# Estate Sale Find



## fordcowboy (Dec 27, 1999)

I went to an Estate auction today. And I found some slot cars. Sorry I can't do pictures at this time b/c I don't have a camera that works properly. I purchased the following:
a '36 Convertible coupe O gauge in package, tear in the package; the car is mint, never run;
a roaring rolls "golden ghost", yellow, AFX, mint in package, with instructions still on the bottom of case;
a hot rod coupe, turquoise/black, in package with foam;
a Lincoln Continental, yellow, mint in package with foam, with directions;
a gran prix racer, white #5, mint in package with foam & instructions;
an Atlas Lincoln Continental, mint in package with foam;
an Atlas Chevrolet Impala, light blue, white top, perfect;
a Ford '63 Thunderbird, missing windshield & driver, posts are excellent;
a '63 Ford Galaxy, yellow/red/black, perfect condition;
a '63 Mack Stake truck, red, perfect condition;
a '62 Ford pick up, white/red, perfect condition;
a '63 Indianapolis racers - white #1, lemon #2 (in box), yellow #2;
and misc. sets of parts - guide pins, tires, oil, christmas tree armatures, pick up shoes & brushes

The funny thing about this Estate auction, I didn't find any track for any of these cars at all.
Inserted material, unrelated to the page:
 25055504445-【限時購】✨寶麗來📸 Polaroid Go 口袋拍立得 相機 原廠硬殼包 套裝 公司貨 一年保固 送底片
And I got all this in 2 shoe boxes. I think I did good. The best part - the auction barn is across the road from me. I didn't even have to spend gas money to get there.
Later,
Lendell


----------



## Bill Hall (Jan 6, 2007)

Ja -weezus Cowboy! Christmas came early for you!
Nice haul.


----------



## hojoe (Dec 1, 2004)

Some guys have all the luck Good for you! You gonna tell us how much these gems cost you? Inquiring minds want to know.
hojoe


----------



## tjd241 (Jan 25, 2004)

*YUP... You've got us all green...*

with envy and jealous.... So ya might as well finish us off and makes us start crying like schoolgirls and tell us what you paid. nd


----------



## noddaz (Aug 6, 1999)

*Nice haul!*

Nice find there!
It shows that they are still out there...

Scott


----------



## coach61 (Sep 6, 2004)

nice haul! funny I saw you title and even I got excited har! So finish us off how much.. and if you send them all to me I will take pictures...


lol

Dave


----------



## SplitPoster (May 16, 2006)

Darn! Well you could sell off a couple of the nice pieces (at most) and get a fine digital camera! That reads like a good portion of my "most wanted list." 
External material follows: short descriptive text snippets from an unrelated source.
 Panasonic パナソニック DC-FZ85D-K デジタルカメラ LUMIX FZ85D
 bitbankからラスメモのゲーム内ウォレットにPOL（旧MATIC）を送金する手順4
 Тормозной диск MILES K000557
No, this isn't posted April 1...... 

Yeah, please do twist the knife a bit and tell us what you laid out for this haul..... oh the agony.


----------



## AfxToo (Aug 29, 2003)

You are the lucky dog this week.


----------



## fordcowboy (Dec 27, 1999)

You're right, I need a new digital camera, but my computer wise wife says we need a new computer & camera. So it's on our wish list.
The total was $235. I went to talk the guy that was running the bid up on me to see where his interest lied. He was only bidding b/c they were in the packages. He has no interest in slot cars at all. And he really didn't seem to understand they were "slot" cars. He just knew they were old cars still in the packages. 
So finding slot cars at an auction MIP can be a double edged sword.
I'll try borrowing a camera & get some pics up.
Later,
Lendell


----------



## krazcustoms (Nov 20, 2003)

Sweet find!!!!!! I told everyone they are still out there!


----------



## bobhch (Apr 22, 2007)

You Lucky Duck!

Bob


----------



## fordcowboy (Dec 27, 1999)

I've got them all put up behind glass today for display. They look pretty cool amidst my collection. I didn't have any of these cars & now I do. It was worth skippin the Chicago show for. The one slot car guy that lives here town wanted to know what I was going to sell them for! I said, "man, I don't want to sell 'em; I want to show them off!" 
Later,
fordcowboy


----------



## win43 (Aug 28, 2006)

Nice!!!! Wish I had a barn like that across the street from me


----------



## roadrner (Jul 21, 1999)

FCB,
Nice score! Hurry up and get that camera.:thumbsup::thumbsup: rr


----------



## gear buster (Dec 1, 2005)

*super score*

Ford,

Great score :thumbsup: I had to walk into my barn but didn't find and slotcars just alot of do..do..:drunk: LOL
Now, send them to me I will wash and wax everyone of them..


----------



## fordcowboy (Dec 27, 1999)

Picture, picture, here's the group photo!


----------



## hojoe (Dec 1, 2004)

DUDE!! You can probably sell that O gauge car (I realize your not gonna sell any of them) for the total you paid for all of it and recoupe you money. And the brown Atlas car is probably worth a fortune. Congrats on a great buy!
hojoe:wave:


----------



## roadrner (Jul 21, 1999)

You could get a camera real easy with a couple of pieces from that lot and have a bunch leftover. Nice! :thumbsup::thumbsup: rr


----------



## bobhch (Apr 22, 2007)

You should frame that picture man...nice find!


----------